Come viene svolta la valorizzazione del sito e che rapporto c’è con la comunità locale?
«Abbiamo davanti un territorio dal potenziale turistico enorme: in cui i beni archeologici si uniscono all’enogastronomia, al paesaggio e alla ricchezza nell’artigianato.
Pensiamo che l’archeologia possa essere un motore di sviluppo sostenibile, e per la costruzione di un’identità culturale comunitaria: delle radici a cui la comunità può aggrapparsi e in cui riconoscersi.

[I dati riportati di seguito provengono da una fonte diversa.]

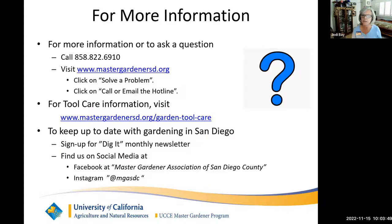We do more than talk about tools — we're there to help you with your garden issues. If you have a pest problem, your tomatoes aren't growing, or you want to remove your lawn, we have a hotline number you can call for gardening advice. You can also send us an email. We have a specific website for garden tool care, a monthly newsletter you can sign up for, and you can follow us on social media.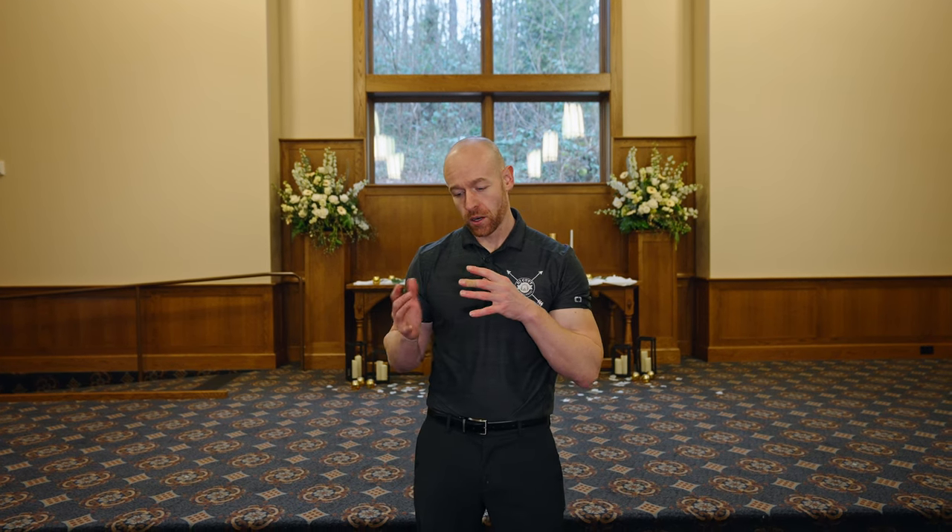Hey, what's going on? This is Alex with DJ Cut Entertainment, and today we're getting ready to do a wedding ceremony at the Abernathy Center in Oregon City. I want to cover a topic that's been on my mind for a while: explaining to people what microphones to use for their ceremony.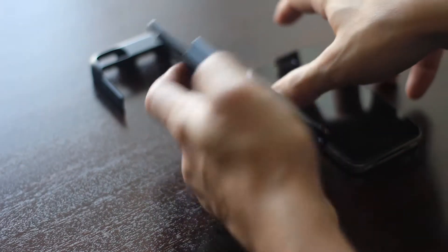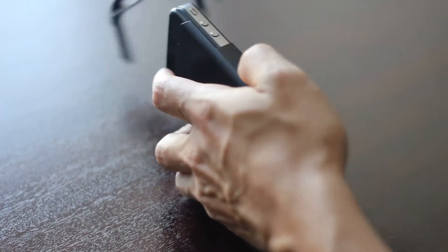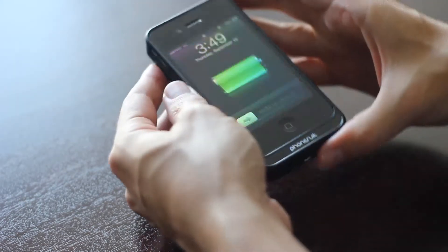To use the Phonesuit Elite battery case, simply slide your iPhone into the Elite, gently attach the clip, turn on the power, and you're ready to go. It's that easy.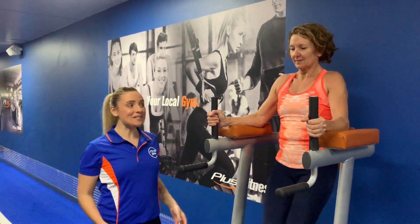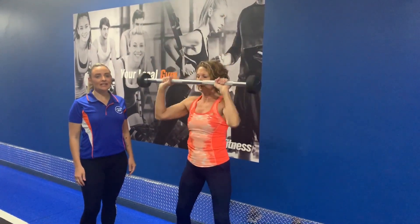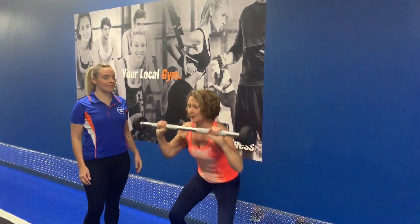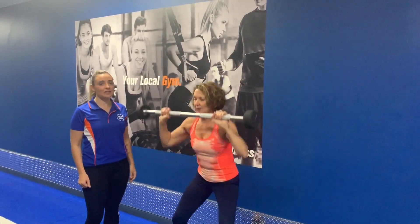With summer on the horizon, toned abs are high on everyone's wishlist, but it may come as a surprise to know that isolated core exercises aren't necessarily the best exercise to get you a six-pack. Your surefire bet to get lean and strong through your midsection is still to do plenty of compound exercises like squatting and deadlifts combined with an upper body movement to burn serious calories.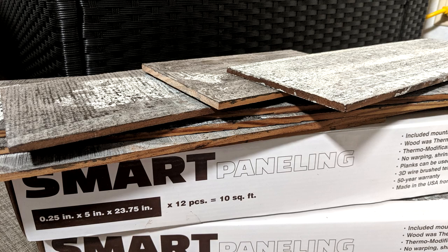As part of our RV interior makeover on our 5th wheel destination camper, we wanted to add something that reminds us of the beach. We found these whitewashed wood planks and thought they would be perfect on a couple of accent walls in the RV. Let's get started.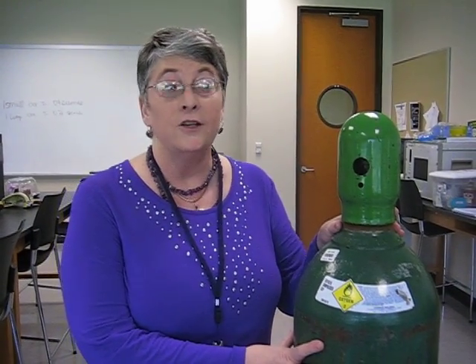I'm Kelly Busby and we're going to talk about putting a regulator on an H-cylinder. H-cylinders are the big tanks, and how we remember this is H means huge.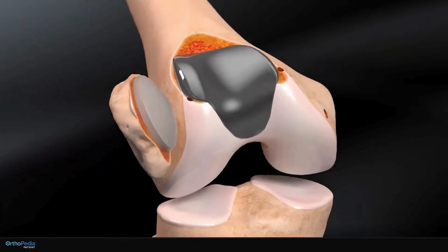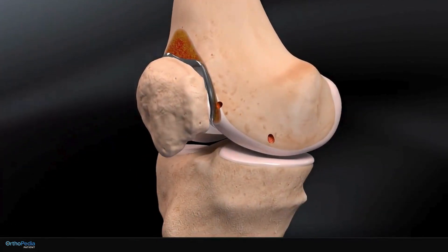The kneecap is flipped over and aligned back in place. The skin incision will be closed with sutures and the kneecap replacement is complete.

Ogni estate organizziamo eventi culturali e di valorizzazione del territorio, come incontri-dibattito, visite guidate, ma anche aperitivi e concerti di musica antica – sempre con rigore scientifico. Sono occasioni in cui l’archeologia si intreccia con la storia dell’economia e dei costumi locali. Parlare in modo anche suggestivo, immersivo, fare la cosiddetta public archeology, non significa “svendere” il sito, bensì renderlo un bene di tutta la comunità, quale è e quale dovrebbe essere. Lavoriamo anche con le scuole di ogni ordine e grado, attraverso lezioni sia teoriche in aula, che esperienziali sul sito: raggiungere le scuole non significa solo raggiungere la futura generazione, quella che ci governerà, ma significa anche raggiungere l’altra parte di quel mondo, ossia i genitori, gli insegnanti e tutto il mondo adulto. È poi una grande soddisfazione avere il supporto della comunità e riscontrare tutta la sua vitalità».